(Available data begins)

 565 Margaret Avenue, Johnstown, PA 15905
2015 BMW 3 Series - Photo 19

(Available data ends)
(Available data begins)

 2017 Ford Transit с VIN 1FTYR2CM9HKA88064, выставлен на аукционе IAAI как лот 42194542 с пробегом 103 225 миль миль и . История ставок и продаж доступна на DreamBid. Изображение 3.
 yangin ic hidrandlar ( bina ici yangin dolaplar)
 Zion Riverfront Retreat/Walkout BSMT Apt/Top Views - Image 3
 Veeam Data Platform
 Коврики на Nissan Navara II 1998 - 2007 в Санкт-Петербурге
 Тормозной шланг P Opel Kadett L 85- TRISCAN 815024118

(Available data ends)

_What you are asked to do_
Output the lines above exactly, but only those between the line holding "yangin ic hidrandlar" and the line holding "Тормозной шланг P", inclusive.

_Task response_
 yangin ic hidrandlar ( bina ici yangin dolaplar)
 Zion Riverfront Retreat/Walkout BSMT Apt/Top Views - Image 3
 Veeam Data Platform
 Коврики на Nissan Navara II 1998 - 2007 в Санкт-Петербурге
 Тормозной шланг P Opel Kadett L 85- TRISCAN 815024118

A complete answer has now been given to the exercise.